▶ **ABOUT THIS TASK**:
Lines to restate from the data below: from the one containing "Motorcycle PU Leather" to the one containing "Exceedingly Rare F.", both included. Give them again exactly, and only them.

▶ **RECORD EXTRACTS**:
::::
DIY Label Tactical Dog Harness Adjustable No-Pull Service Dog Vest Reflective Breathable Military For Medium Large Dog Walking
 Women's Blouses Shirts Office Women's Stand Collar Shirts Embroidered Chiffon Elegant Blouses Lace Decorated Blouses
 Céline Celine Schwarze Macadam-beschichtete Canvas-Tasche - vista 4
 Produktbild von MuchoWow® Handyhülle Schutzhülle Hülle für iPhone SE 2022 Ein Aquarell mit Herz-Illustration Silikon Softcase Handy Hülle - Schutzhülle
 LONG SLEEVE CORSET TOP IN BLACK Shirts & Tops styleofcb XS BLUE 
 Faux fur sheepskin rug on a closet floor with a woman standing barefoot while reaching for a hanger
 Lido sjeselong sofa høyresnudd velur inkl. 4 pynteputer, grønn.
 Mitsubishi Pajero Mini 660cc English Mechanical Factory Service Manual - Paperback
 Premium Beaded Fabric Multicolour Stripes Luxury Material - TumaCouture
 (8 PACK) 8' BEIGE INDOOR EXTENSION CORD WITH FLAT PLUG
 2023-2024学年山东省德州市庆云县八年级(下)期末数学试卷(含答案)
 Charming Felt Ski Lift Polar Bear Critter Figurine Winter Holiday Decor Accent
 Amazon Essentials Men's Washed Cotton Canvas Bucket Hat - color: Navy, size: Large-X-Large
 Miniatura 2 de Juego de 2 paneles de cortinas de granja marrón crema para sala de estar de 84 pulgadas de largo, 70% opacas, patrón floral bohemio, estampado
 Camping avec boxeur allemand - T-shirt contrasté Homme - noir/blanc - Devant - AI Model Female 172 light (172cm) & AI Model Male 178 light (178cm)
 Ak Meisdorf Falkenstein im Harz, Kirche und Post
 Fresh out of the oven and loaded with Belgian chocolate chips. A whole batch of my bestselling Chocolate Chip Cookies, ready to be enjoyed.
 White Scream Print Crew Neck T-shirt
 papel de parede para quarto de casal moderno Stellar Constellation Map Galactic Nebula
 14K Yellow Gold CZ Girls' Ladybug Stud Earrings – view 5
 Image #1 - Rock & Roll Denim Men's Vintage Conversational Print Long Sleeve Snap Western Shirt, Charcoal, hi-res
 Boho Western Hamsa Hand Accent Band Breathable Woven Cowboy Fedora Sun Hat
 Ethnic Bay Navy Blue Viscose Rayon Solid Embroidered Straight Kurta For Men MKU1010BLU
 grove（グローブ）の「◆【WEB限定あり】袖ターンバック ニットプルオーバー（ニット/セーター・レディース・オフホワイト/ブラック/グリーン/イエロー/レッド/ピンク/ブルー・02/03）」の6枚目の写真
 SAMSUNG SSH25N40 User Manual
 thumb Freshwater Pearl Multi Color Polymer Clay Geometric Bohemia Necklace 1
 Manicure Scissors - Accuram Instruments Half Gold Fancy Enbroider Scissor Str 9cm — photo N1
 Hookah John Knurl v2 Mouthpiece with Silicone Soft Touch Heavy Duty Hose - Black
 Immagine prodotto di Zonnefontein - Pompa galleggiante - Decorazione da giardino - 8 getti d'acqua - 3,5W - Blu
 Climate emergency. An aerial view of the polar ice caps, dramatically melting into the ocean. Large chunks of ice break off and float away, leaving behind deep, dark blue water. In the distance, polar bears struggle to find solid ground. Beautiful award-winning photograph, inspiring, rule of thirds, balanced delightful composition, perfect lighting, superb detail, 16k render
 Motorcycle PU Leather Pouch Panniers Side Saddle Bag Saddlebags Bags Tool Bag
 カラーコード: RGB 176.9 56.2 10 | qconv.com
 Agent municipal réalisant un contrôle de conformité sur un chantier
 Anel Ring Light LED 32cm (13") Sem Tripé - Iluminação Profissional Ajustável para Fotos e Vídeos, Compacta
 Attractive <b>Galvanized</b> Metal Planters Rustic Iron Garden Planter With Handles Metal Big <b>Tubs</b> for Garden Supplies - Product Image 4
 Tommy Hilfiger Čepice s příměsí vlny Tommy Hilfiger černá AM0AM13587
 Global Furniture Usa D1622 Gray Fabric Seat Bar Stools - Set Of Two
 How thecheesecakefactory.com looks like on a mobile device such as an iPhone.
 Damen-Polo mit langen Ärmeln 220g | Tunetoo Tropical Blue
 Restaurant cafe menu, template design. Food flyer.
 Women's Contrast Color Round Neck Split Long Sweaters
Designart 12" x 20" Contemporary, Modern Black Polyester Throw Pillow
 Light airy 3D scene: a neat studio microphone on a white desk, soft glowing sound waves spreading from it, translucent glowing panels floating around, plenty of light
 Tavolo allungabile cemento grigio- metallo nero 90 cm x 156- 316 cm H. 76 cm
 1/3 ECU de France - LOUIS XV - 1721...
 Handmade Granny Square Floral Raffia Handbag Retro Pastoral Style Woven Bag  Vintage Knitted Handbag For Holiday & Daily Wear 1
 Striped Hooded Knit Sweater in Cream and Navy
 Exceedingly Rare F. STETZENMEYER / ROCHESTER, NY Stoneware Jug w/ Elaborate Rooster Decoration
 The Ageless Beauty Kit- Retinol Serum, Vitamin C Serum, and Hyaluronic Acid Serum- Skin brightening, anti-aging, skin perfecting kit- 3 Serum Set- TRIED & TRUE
::::
▶ **SOLVED EXERCISE**:
 Motorcycle PU Leather Pouch Panniers Side Saddle Bag Saddlebags Bags Tool Bag
 カラーコード: RGB 176.9 56.2 10 | qconv.com
 Agent municipal réalisant un contrôle de conformité sur un chantier
 Anel Ring Light LED 32cm (13") Sem Tripé - Iluminação Profissional Ajustável para Fotos e Vídeos, Compacta
 Attractive <b>Galvanized</b> Metal Planters Rustic Iron Garden Planter With Handles Metal Big <b>Tubs</b> for Garden Supplies - Product Image 4
 Tommy Hilfiger Čepice s příměsí vlny Tommy Hilfiger černá AM0AM13587
 Global Furniture Usa D1622 Gray Fabric Seat Bar Stools - Set Of Two
 How thecheesecakefactory.com looks like on a mobile device such as an iPhone.
 Damen-Polo mit langen Ärmeln 220g | Tunetoo Tropical Blue
 Restaurant cafe menu, template design. Food flyer.
 Women's Contrast Color Round Neck Split Long Sweaters
Designart 12" x 20" Contemporary, Modern Black Polyester Throw Pillow
 Light airy 3D scene: a neat studio microphone on a white desk, soft glowing sound waves spreading from it, translucent glowing panels floating around, plenty of light
 Tavolo allungabile cemento grigio- metallo nero 90 cm x 156- 316 cm H. 76 cm
 1/3 ECU de France - LOUIS XV - 1721...
 Handmade Granny Square Floral Raffia Handbag Retro Pastoral Style Woven Bag  Vintage Knitted Handbag For Holiday & Daily Wear 1
 Striped Hooded Knit Sweater in Cream and Navy
 Exceedingly Rare F. STETZENMEYER / ROCHESTER, NY Stoneware Jug w/ Elaborate Rooster Decoration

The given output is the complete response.